British actor (1912–1995)

Benjamin Arthur Flemyng (3 January 1912 – 22 May 1995), known professionally as Robert Flemyng, was a British actor. The son of a doctor, and originally intended for a medical career, Flemyng learned his stagecraft in provincial repertory theatre. In 1935 he appeared in a leading role in the West End, and the following year had his first major success, in Terence Rattigan's comedy French Without Tears. Between then and the Second World War he appeared in London and New York in a succession of comedies.

On the outbreak of war in 1939 Flemyng volunteered for the Royal Army Service Corps, and served with distinction, winning the Military Cross. After the war he continued to appear in light comedies, but also took on more serious roles in plays by T. S. Eliot, Graham Greene, John Whiting and others. He toured Australia, Britain, Canada, India, South Africa and the US in a wide range of parts, from comedy to classic drama.
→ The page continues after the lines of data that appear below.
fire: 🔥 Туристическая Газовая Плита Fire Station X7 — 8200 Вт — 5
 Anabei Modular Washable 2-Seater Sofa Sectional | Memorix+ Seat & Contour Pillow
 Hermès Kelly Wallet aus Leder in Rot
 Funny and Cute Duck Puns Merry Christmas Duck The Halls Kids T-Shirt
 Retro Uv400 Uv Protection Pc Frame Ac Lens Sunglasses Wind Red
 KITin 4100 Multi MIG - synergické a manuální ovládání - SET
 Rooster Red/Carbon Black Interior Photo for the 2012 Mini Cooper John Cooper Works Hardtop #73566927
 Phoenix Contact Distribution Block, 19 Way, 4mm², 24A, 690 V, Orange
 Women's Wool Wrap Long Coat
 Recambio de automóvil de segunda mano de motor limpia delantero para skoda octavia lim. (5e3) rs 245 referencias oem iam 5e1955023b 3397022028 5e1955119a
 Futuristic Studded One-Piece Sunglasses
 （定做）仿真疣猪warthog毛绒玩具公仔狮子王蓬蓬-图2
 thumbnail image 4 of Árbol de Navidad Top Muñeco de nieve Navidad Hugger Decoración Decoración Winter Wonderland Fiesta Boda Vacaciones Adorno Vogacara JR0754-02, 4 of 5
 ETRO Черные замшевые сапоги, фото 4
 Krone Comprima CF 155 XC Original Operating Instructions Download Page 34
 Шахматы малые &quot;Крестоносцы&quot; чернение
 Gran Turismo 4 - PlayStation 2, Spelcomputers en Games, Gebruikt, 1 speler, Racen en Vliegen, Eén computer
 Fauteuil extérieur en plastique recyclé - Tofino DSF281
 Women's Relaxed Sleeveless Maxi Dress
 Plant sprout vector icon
Flemyng's broadcasting was principally in two television series in the 1960s, in the second of which, Compact, he appeared in more than 100 episodes. He also appeared in more than 30 films.

==Life and career==

===Early years===

Flemyng was born in Liverpool, the son of George Gilbert Flemyng, a physician, and his second wife Rowena Eleanor, née Jacques. He was educated at Haileybury, and was then a medical student before abandoning medicine in favour of the theatre.

In June 1931, at the age of 19, Flemyng made his stage debut, playing Kenneth Raglan in Patrick Hamilton's thriller Rope at the County Theatre, Truro. He made his first appearance in London at the Westminster Theatre in October 1931, walking on in The Anatomist, and during 1932 he toured with Violet Vanbrugh's company, playing Cyril Greenwood in After All. In 1932 he joined the Liverpool Repertory Company at the Liverpool Playhouse. The company was directed by William Armstrong, who became known for training future stars including Robert Donat, Rex Harrison, Michael Redgrave and Diana Wynyard. Flemyng stayed at the Playhouse for three seasons, playing a wide range of roles. While there, he met his future wife, the actress Carmen Sugars.

Flemyng was still under contract to the Liverpool company when Raymond Massey and Gladys Cooper offered him a major West End role in the comedy Worse Things Happen at Sea. Armstrong, always willing to help his protégés, arranged for Flemyng's immediate release from the rest of his contract. The new play opened at the St James's Theatre; reviews for the piece were lukewarm but the cast, including Flemyng, were praised by the press. He played in four more light comedy roles between September 1935 and March 1936, before his first big success, of which the director Derek Granger wrote:

The play ran for 1,025 performances. Fleming played the role for 18 months, before handing over to Hubert Gregg for the rest of the run.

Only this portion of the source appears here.